Une raison de principe: on ne pilote pas un enseignement depuis une cabine de commande, les yeux rivés sur des courbes de résultats. Et on n’améliore pas la qualité de l’enseignement en menaçant du bâton ceux qui ne rencontrent pas des objectifs chiffrés.
On parle d’enseignement, de promouvoir la confiance en soi et le développement de la personne de chacun des élèves, de les amener à prendre une place active dans la vie économique, sociale et culturelle, de les préparer à être des citoyens responsables, capables de contribuer au développement d’une société démocratique, solidaire, pluraliste et ouverte aux autres cultures (article 6 du décret « Missions »). Tout cela n’est pas chiffrable.
On parle aussi d’êtres humains, d’enseignants, d’élèves, de directions, de parents, d’équipes pédagogiques. Et on parle en premier des enseignants et élèves qui fréquentent ou travaillent dans les écoles qui concentrent le plus de difficultés. Ceux-là, ce n’est pas de menaces dont ils ont besoin. Ce dont ils ont besoin, c’est de soutien et d’un soutien immédiat. Ils y ont droit !
On parle de directions qui croulent déjà sous les tâches et les rapports à rédiger (rapports qui ne sont d’ailleurs pas toujours lus ou utilisés…), de directeurs qui ne sont pas nécessairement des experts en statistiques et en interprétation de celles-ci, qui devront donc rédiger en plus 11 stratégies, des dispositifs et des objectifs chiffrés…. Alors qu’ils aimeraient tant avoir le temps et les outils pour mettre leurs équipes pédagogiques en marche.

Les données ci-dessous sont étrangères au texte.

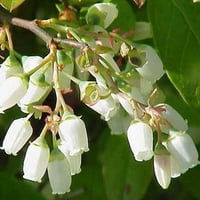 بذور توت بلو بيري التوت الازرق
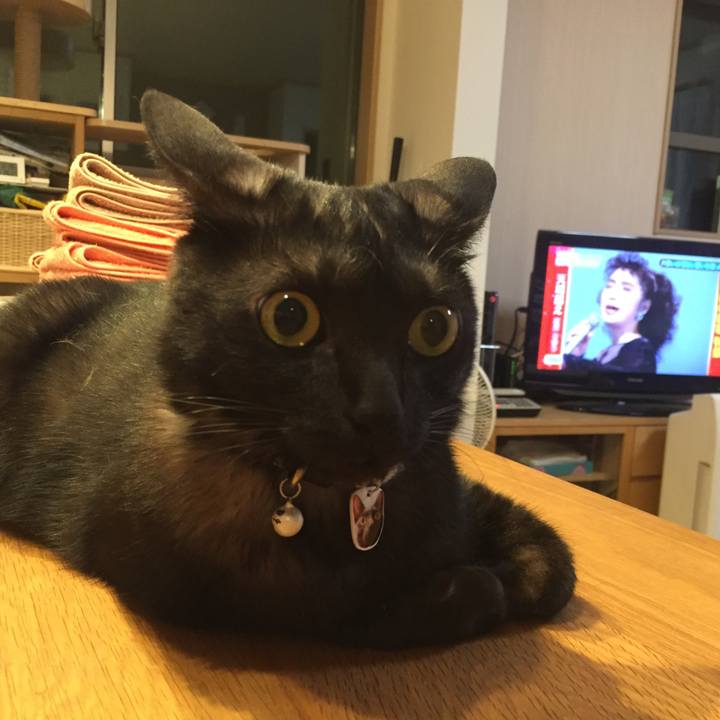 E7038a0e 2d43 4aef bd47 623176fa4978 1529409889104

On parle d’enseignants qui réfléchissent, qui ont envie de donner du sens à leur travail, mais qui ne disposent pas non plus des outils pour comprendre les réalités de leurs élèves, de leurs résultats et les clés pour les aider. Il faut les aider là où ils sont… pas en les obsédant par leurs résultats. Ils ont déjà tellement peu de temps et de moyens pour s’approprier TABOR ou les résultats des épreuves externes…
Nous ne pouvons pas non plus suivre cette voie pour des raisons d’efficacité. Les politiques de pilotage par les résultats ne sont pas efficaces. Les spécialistes le démontrent, la confrontation pure et simple des enseignants aux résultats, ne produit pas nécessairement des améliorations. Et dans cette logique, les élèves perdent le plaisir d’apprendre. Les Etats (UK, USA) qui ont mis en œuvre ces politiques ont certes vu à court terme un effet positif sur leurs résultats globaux. Mais ce n’est pas une amélioration pérenne. Et au niveau de la réduction des inégalités, ces politiques ne produisent aucun résultat. A tel point que ces Etats en reviennent même : en Grande-Bretagne, on en vient aujourd’hui à réduire le nombre d’épreuves externes…
Alors pourquoi diable perdre notre temps ?
Certes, le décret fourre-tout ne se goure pas sur tout. Nous aurions pu rejoindre la majorité sur certaines des autres mesures beaucoup plus ponctuelles comprises dans le décret. Mais nous ne pouvions pas cautionner une telle erreur de pilotage. Nous avons donc voté contre.